Ronny_Jotten t1_j0cizez wrote on December 15, 2022 at 5:33 PM

Your theories are somewhat naive. Large companies like Google have no problem getting access to all the music they want. And nobody tries to "hide the fact that they trained their model with copyrighted material". The current state of AI training seems to be that copyright is irrelevant, and it's fair use - though we'll see whether that holds up in court. Nearly everything in LAION is copyrighted images scraped from the web, and they are used without permission for training.

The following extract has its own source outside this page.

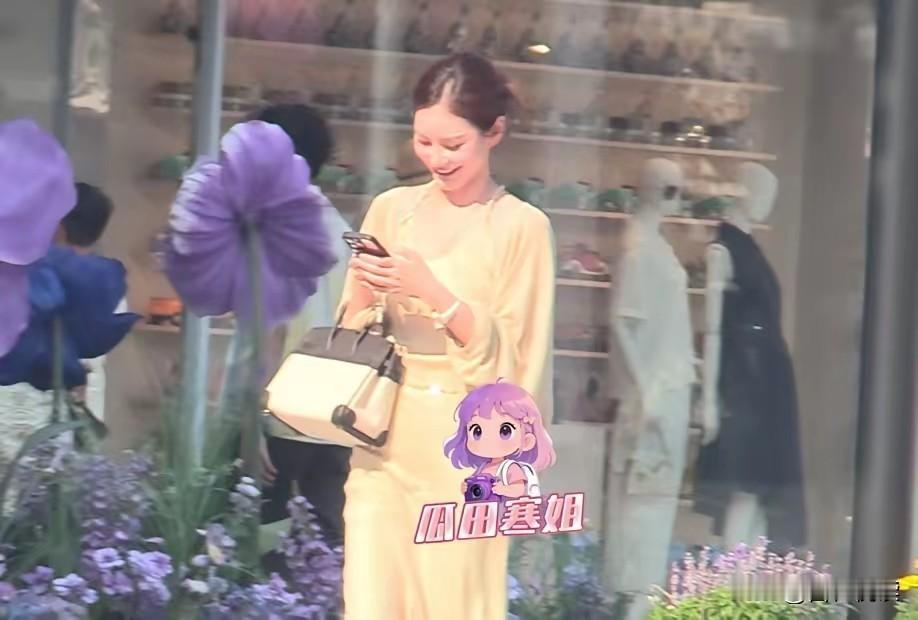 吼吼马筱梅真上范了一身柔黄色长裙+高奢包包傍身出门的马筱梅被娱记拍到了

Furthermore, anyone can use the Million Song Dataset, and get access to the actual tracks through an API.

Million-song dataset: take it, it’s free | Ars Technica

On the other hand, the idea of turning audio into a 2D spectrogram image, and using the same tools as image-generating AIs, is also naive. Music generation requires a very different approach. There are a multitude of AI music-generation projects, some using GANs. So far, the results have not been as astonishing as the image generators. But that's only a matter of degree, and probably a matter of time.

happyhammy OP t1_j0ee3fz wrote on December 16, 2022 at 1:00 AM

I was very pleasantly surprised to see the release of https://www.riffusion.com/ today. I'd say it's the best music generation to date and they are using the 2d spectrogram approach.

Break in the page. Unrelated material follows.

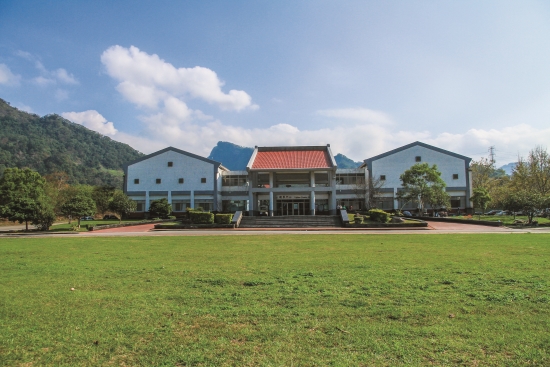 遊客中心前的大草坪，
是最自然的戶外教室
／雪管處 提供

What's also interesting is they're not telling us what dataset they trained the model with.

Ronny_Jotten t1_j0hgi63 wrote on December 16, 2022 at 5:49 PM

It depends what you mean by "AI", but there are already generative music systems that produce far better music than that.

Spectral analysis/resynthesis is certainly important. There have long been tools like MetaSynth that let you do image processing of spectrograms. It's interesting that the "riffusion" project works at all, and it's a valuable piece of research. I can imagine the technique being useful for musicians as a way to generate novel sounds to be incorporated in larger compositions.

But it's difficult to see how it can be used successfully on entire, already-mixed-down pieces, to generate a complete piece of music in that way. Although it can produce some interesting and strange loops, it's hard to call the output that riffusion produces "music" in the sense of an overall composition, and I'm skeptical that this basic technique can be tweaked to do so. I could be wrong, but I still think it's a naive approach, and any actually listenable music-generation system will be based on rather different principles.